The code had all the pieces in separate places. createPlan detected stale forecasts. generateCurtailmentPlan recorded a stale-forecast rejection. But the bottom of the planner had a broad fallback: if no selected actions exist, add do_nothing. That line was written for infeasible windows, not invalid input, but it had no way to know the difference.

The fix looks small because the hard part was naming the boundary.

Batch 009 had already moved the planner away from fake input. Forecast creation loads qualified interval readings from the database. Plans check that the selected forecast and tariff belong to the requested site. The selected band travels as forecastBandKw, and the action payload records both confidence_band and forecast_band_driver. Those pieces made the failure more embarrassing, not less. The system had evidence discipline at the edges, then lost it in one central fallback.

const staleForecastFailureReason* = "stale forecast cannot be used for a new plan without explicit override"
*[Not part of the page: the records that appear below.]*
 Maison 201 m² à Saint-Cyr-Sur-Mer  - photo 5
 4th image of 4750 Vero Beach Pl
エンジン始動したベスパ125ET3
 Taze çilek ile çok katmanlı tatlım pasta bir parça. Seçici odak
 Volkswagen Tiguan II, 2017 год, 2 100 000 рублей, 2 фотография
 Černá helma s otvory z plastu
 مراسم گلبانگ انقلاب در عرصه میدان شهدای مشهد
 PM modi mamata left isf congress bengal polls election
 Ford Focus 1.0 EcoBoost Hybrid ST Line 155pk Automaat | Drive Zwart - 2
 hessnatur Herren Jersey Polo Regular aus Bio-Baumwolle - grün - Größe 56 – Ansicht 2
proc planStatusForDecision*(decision: PlannerDecision; stale: bool): (string, string) =
  if stale: ("failed", staleForecastFailureReason)
  elif decision.selectedActions.len > 0: ("ready", "")
  else: ("failed", "no feasible planner action")

proc generateCurtailmentPlan*(ctx: TenantContext; input: PlannerInput; tariff: PlannerTariff; assets: seq[PlannerAsset]; staleForecast: bool): PlannerDecision =
  validateInput(ctx, input)
  var selected = newJArray()
  var rejected = newJArray()
  var binding = newJArray()
  let curtailAllowed = addStaleAndTariffRejections(tariff, staleForecast, rejected, binding)
  var selectedSavings = 0.0
  for asset in assets:
    if asset.rejectMissingAssetTelemetry(rejected):
      continue
    if asset.assetType == "battery":
      addBatteryAction(asset, input, tariff, staleForecast, selected, rejected, selectedSavings)
      addChargeBatteryAction(asset, input, tariff, staleForecast, selected, rejected, selectedSavings)
    elif asset.assetType in ["building_load", "flexible_process"]:
      addCurtailAction(asset, input, tariff, curtailAllowed, staleForecast, selected, rejected, selectedSavings)
      addShiftLoadAction(asset, input, tariff, staleForecast, selected, rejected, selectedSavings)
  if selected.len == 0 and not staleForecast:
    selected.add(%*{"action_type": "do_nothing", "reason": "no feasible savings-positive action after physical constraints"})
  addBindingRejections(rejected, binding)
  makeDecision(input, tariff, selected, rejected, binding, selectedSavings)
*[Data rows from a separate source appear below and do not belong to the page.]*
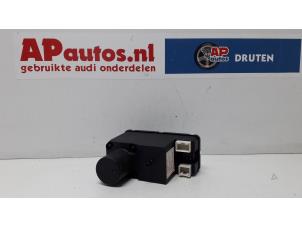 Usagé Pompe à vide verrouillage électrique des portes Audi A8 (D2) 3.7 V8 32V Quattro Prix € 24,99 Règlement à la marge proposé par AP Autos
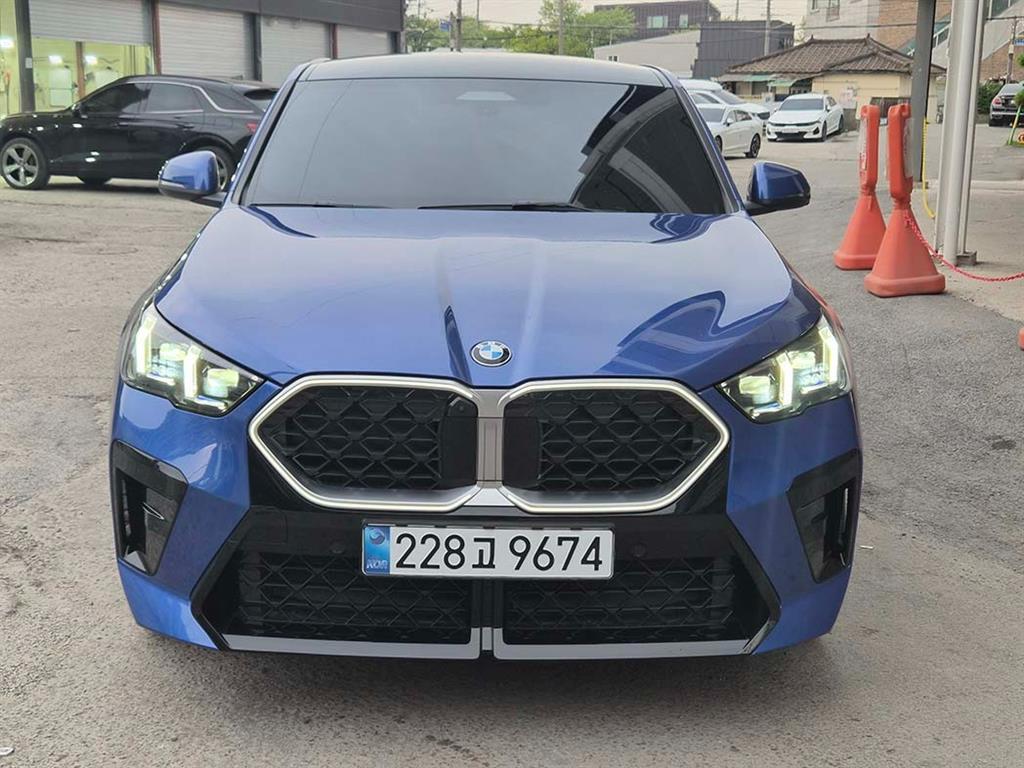 BMW X2 - Vista 2
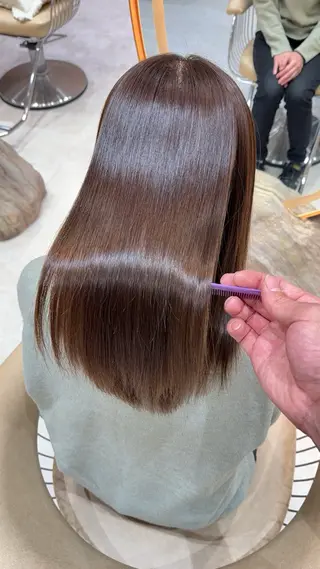 セミロング カラー 縮毛矯正✨🫧 レイヤー川村利幸のヘアスタイル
That and not staleForecast is the visible change. The real design change is above it: planStatusForDecision owns the distinction between invalid input and feasible output.

Before that split, status came from selectedActions.len. If there was at least one selected action, the plan became ready. That is a bad proxy because selected actions can be generated by fallback logic. The status needs to know why the planner had no action.

The stale forecast flag now travels through the planning path as an input validity marker, not just another rejected-action reason. It still appears in rejectedActions so the UI can show the operator what blocked the run. But it also controls persisted status and failure_reason so API consumers and replay logic do not treat the plan as a valid no-op decision.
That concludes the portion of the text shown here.